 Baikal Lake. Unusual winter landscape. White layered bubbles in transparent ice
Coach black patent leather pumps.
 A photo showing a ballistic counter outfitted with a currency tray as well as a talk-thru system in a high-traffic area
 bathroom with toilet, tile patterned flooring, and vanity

◆ ◆ ◆ ◆

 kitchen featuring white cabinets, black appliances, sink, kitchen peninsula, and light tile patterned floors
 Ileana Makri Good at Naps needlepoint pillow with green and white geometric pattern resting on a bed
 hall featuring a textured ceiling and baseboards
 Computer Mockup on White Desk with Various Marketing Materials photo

◆ ◆ ◆ ◆

After locating the line with "Ileana Makri Good" in the material above, return it and each line after it exactly, ending at the line with "Computer Mockup on".

 Ileana Makri Good at Naps needlepoint pillow with green and white geometric pattern resting on a bed
 hall featuring a textured ceiling and baseboards
 Computer Mockup on White Desk with Various Marketing Materials photo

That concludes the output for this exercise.